Unexpected collision with std::hash

I know hashing infinite number of string into 32b int must generate collision, but I expect from hashing function some nice distribution.

难道不相信这2条扼杀装置有同样的 has?

size_t hash0 = std::hash<std::string>()("generated_id_0");
size_t hash1 = std::hash<std::string>()("generated_id_1");
//hash0 == hash1

我知道我可以使用<代码>boost:hash<std:string>。 或者说,但我想知道,std:hash有什么错误。 我用它错了吗? 是否应该用“种子”?


您使用<代码>没有错误:hash。 问题在于专业领域:hash<std:string>。 由“2010年视觉演播室”搭配的标准图书馆执行所提供的材料,只需要一组说明特征,以确定散射值(主要是出于业绩原因)。 同时,具有14种特性的扼杀物的最后一个特性不属于这一组,因此,这两种扼杀都会产生同样的印数。

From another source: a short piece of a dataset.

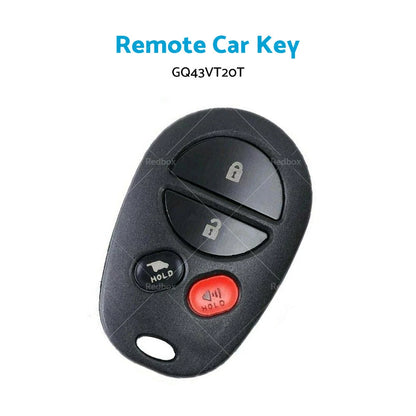 Remote Car Key 315 MHz for Toyota Aurion Kluger (2006–2013)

就我所知,这种行为符合标准,即demands,但只有以同样理由向散列函数发出多次呼吁,必须始终保持同样的价值。 然而, has碰撞的概率是最低的should。 《2010年联邦调查》的实施符合强制性规定,但未能说明任择条款。

For details, see the implementation in the header file xfunctional (starting at line 869 in my copy) and § of the C++ standard (latest public draft).

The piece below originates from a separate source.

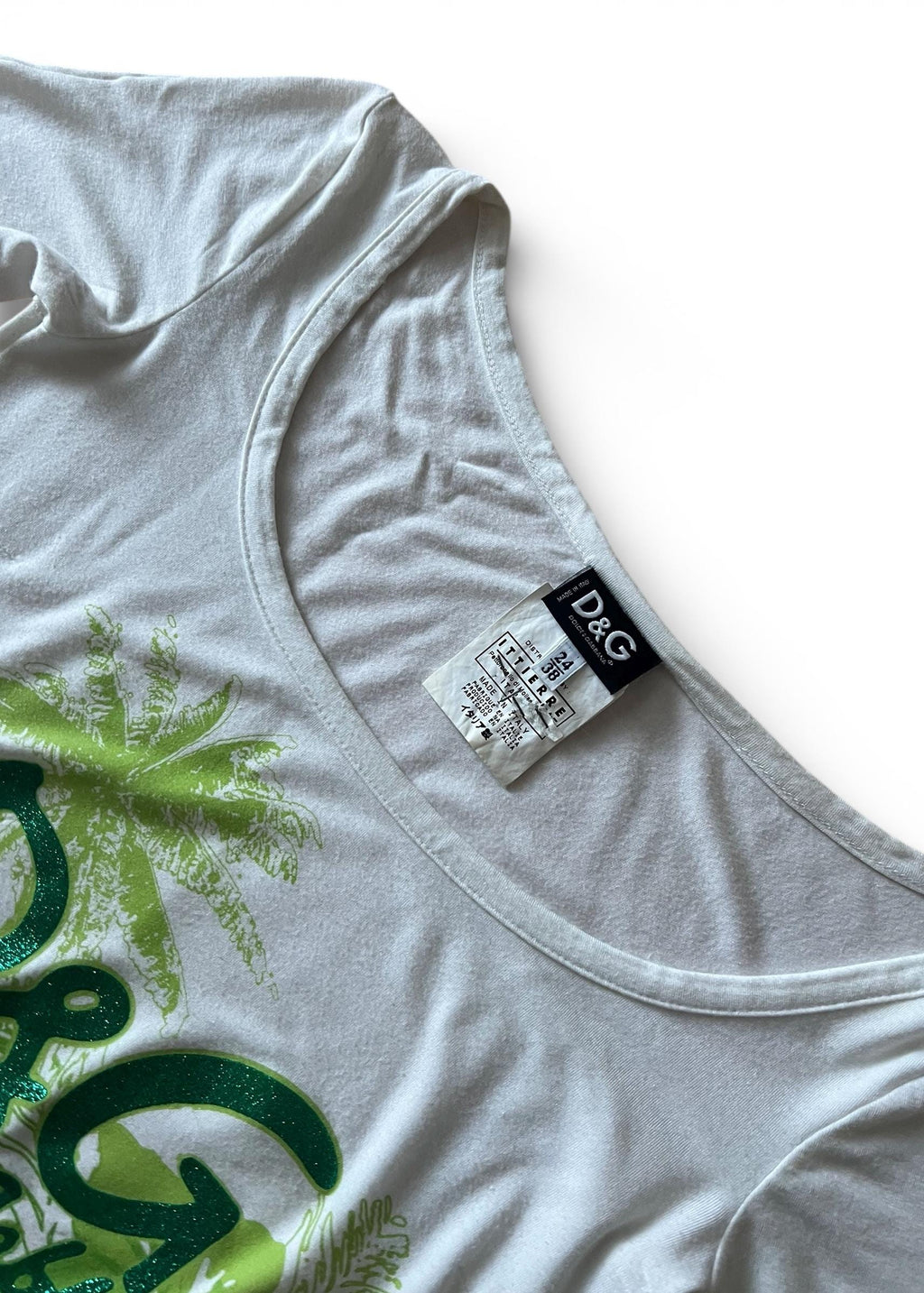 Dolce & Gabbana Tropical Logo Top Y2K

If you absolutely need a better hash function for strings, you should implement it yourself. It s actually not that hard.

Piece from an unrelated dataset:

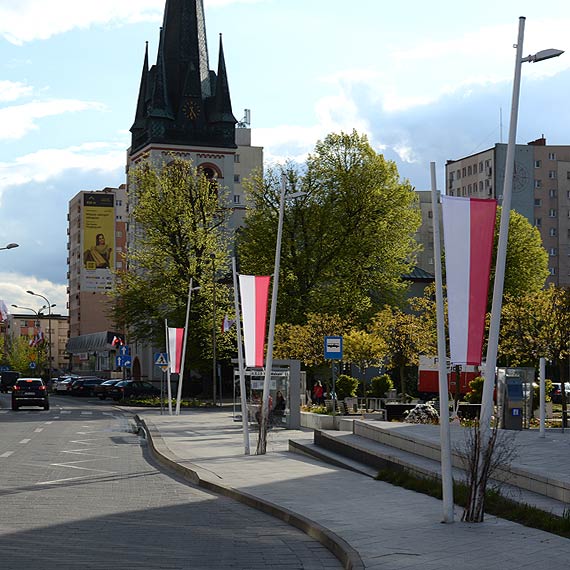 Flaga Monako w centrum winoujcia?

The exact hash algorithm isn t specified by the standard, so the results will vary. The algorithm used by VC10 doesn t seem to take all of the characters into account if the string is longer than 10 characters; it advances with an increment of 1 + s.size() / 10. This is legal, albeit from a QoI point of view, rather disappointing; such hash codes are known to perform very poorly for some typical sets of data (like URLs). I d strongly suggest you replace it with either a FNV hash or one based on a Mersenne prime:

FNV hash:

struct hash
    size_t operator()( std::string const& s ) const
        size_t result = 2166136261U ;
        std::string::const_iterator end = s.end() ;
        for ( std::string::const_iterator iter = s.begin() ;
              iter != end ;
              ++ iter ) {
            result = (16777619 * result)
                    ^ static_cast< unsigned char >( *iter ) ;
        return result ;

Mersenne prime hash:

struct hash
    size_t operator()( std::string const& s ) const
        size_t result = 2166136261U ;
        std::string::const_iterator end = s.end() ;
        for ( std::string::const_iterator iter = s.begin() ;
              iter != end ;
              ++ iter ) {
            result = 127 * result
                   + static_cast< unsigned char >( *iter ) ;
        return result ;

(The FNV hash is supposedly better, but the Mersenne prime hash will be faster on a lot of machines, because multiplying by 127 is often significantly faster than multiplying by 16777619.)

你们可能具有不同的散射价值。 我有不同的信教价值(GCC 4.5):


#include <string>
#include <iostream>
#include <functional>
int main(int argc, char** argv)
size_t hash0 = std::hash<std::string>()("generated_id_0");
size_t hash1 = std::hash<std::string>()("generated_id_1");
std::cout << hash0 << (hash0 == hash1 ? " == " : " != ") << hash1 << "
return 0;


# g++ hashtest.cpp -o hashtest -std=gnu++0x
# ./hashtest
16797002355621538189 != 16797001256109909978


The function is used in the right way and this collision could be just fortuitous.

You cannot tell whether the hashing function is not evenly distributed unless you perform a massive test with random keys.

TRI1的散射功能和最新的标准界定了像护卫这样的物品的适当超载。 当我使用以下 st子来管理这一法典时:tr1:hash(g++ 4.1.2),我对这两条str有不同的散射值。